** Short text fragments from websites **
################

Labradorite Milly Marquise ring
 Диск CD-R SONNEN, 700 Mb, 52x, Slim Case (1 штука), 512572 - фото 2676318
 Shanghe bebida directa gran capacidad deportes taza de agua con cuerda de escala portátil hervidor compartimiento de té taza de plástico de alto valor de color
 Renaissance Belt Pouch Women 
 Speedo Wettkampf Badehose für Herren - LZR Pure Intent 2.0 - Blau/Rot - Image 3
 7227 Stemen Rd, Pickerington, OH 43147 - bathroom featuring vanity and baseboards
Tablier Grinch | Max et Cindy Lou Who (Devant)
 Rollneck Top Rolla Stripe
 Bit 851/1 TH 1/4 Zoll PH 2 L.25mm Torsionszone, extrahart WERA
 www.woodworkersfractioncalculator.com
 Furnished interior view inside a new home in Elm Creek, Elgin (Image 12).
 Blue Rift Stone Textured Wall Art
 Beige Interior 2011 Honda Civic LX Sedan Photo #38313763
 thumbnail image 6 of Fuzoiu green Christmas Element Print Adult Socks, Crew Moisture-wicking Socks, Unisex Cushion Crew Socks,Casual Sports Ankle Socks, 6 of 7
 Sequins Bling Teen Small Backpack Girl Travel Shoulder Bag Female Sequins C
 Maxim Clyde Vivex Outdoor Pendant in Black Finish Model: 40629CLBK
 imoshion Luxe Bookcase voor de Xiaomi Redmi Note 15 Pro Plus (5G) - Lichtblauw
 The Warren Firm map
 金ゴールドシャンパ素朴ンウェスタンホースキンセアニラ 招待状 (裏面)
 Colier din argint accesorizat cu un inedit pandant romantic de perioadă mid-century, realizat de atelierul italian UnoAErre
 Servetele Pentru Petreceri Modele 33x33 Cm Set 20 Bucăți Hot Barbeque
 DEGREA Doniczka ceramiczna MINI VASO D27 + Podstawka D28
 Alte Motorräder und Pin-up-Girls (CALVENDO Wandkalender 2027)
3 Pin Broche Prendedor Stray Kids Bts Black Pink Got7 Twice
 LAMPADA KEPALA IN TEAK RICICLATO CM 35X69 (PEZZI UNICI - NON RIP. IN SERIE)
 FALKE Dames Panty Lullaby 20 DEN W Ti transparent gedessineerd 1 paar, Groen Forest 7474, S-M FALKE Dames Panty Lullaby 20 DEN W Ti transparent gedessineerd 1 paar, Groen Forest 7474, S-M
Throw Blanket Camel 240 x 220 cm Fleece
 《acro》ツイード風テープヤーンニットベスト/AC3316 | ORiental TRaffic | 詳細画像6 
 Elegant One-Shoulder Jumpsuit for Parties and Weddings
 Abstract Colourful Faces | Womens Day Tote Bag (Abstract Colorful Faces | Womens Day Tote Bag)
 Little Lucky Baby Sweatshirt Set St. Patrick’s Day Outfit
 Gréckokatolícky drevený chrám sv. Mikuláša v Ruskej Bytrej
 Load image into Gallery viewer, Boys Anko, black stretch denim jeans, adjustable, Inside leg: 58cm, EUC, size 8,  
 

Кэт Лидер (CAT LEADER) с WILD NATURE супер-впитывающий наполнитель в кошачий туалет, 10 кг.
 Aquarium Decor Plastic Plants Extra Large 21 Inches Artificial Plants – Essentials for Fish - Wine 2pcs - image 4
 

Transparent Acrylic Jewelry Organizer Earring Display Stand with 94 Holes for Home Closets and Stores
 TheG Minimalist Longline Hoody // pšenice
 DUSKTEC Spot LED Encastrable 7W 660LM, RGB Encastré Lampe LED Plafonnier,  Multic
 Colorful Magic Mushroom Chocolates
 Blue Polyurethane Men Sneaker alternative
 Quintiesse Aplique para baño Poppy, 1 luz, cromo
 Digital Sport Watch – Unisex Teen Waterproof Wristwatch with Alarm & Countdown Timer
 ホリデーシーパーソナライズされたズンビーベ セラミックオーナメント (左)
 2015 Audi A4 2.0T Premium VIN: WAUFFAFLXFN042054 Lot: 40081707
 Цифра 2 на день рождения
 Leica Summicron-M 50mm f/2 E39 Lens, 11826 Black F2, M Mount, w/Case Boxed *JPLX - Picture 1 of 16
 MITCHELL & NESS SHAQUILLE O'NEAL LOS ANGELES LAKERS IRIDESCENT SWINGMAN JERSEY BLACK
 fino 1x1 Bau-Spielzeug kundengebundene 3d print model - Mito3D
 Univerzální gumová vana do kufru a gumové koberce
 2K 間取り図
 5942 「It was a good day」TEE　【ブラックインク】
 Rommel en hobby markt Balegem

################

** Problem statement **
Each line above from the one with "Speedo Wettkampf Badehose" up to and including the one with "The Warren Firm map" must be set down exactly, and no line outside that span may appear.

** Worked solution **
 Speedo Wettkampf Badehose für Herren - LZR Pure Intent 2.0 - Blau/Rot - Image 3
 7227 Stemen Rd, Pickerington, OH 43147 - bathroom featuring vanity and baseboards
Tablier Grinch | Max et Cindy Lou Who (Devant)
 Rollneck Top Rolla Stripe
 Bit 851/1 TH 1/4 Zoll PH 2 L.25mm Torsionszone, extrahart WERA
 www.woodworkersfractioncalculator.com
 Furnished interior view inside a new home in Elm Creek, Elgin (Image 12).
 Blue Rift Stone Textured Wall Art
 Beige Interior 2011 Honda Civic LX Sedan Photo #38313763
 thumbnail image 6 of Fuzoiu green Christmas Element Print Adult Socks, Crew Moisture-wicking Socks, Unisex Cushion Crew Socks,Casual Sports Ankle Socks, 6 of 7
 Sequins Bling Teen Small Backpack Girl Travel Shoulder Bag Female Sequins C
 Maxim Clyde Vivex Outdoor Pendant in Black Finish Model: 40629CLBK
 imoshion Luxe Bookcase voor de Xiaomi Redmi Note 15 Pro Plus (5G) - Lichtblauw
 The Warren Firm map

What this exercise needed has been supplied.